* Work to be completed *
Give back exactly the lines from the one that holds "Pre Owned Fendi" through the final line of the data; omit the pictures and add nothing.

* Raw data *
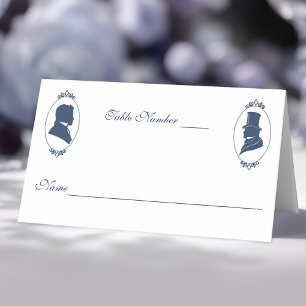 Romantic Blue Regency Gay Botanical Silhouette Place Card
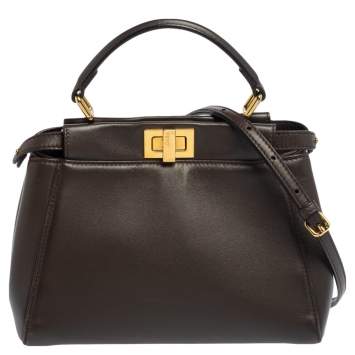 Pre Owned Fendi Dark Beige Leather Mini Peekaboo Top Handle Bag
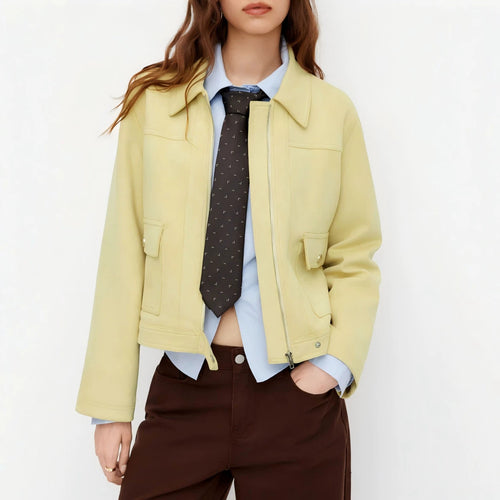 Damen Kurzjacke mit Reißverschluss, Hemdkragen und Pattentaschen Shop Nory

* Written solution *
 Pre Owned Fendi Dark Beige Leather Mini Peekaboo Top Handle Bag
 Damen Kurzjacke mit Reißverschluss, Hemdkragen und Pattentaschen Shop Nory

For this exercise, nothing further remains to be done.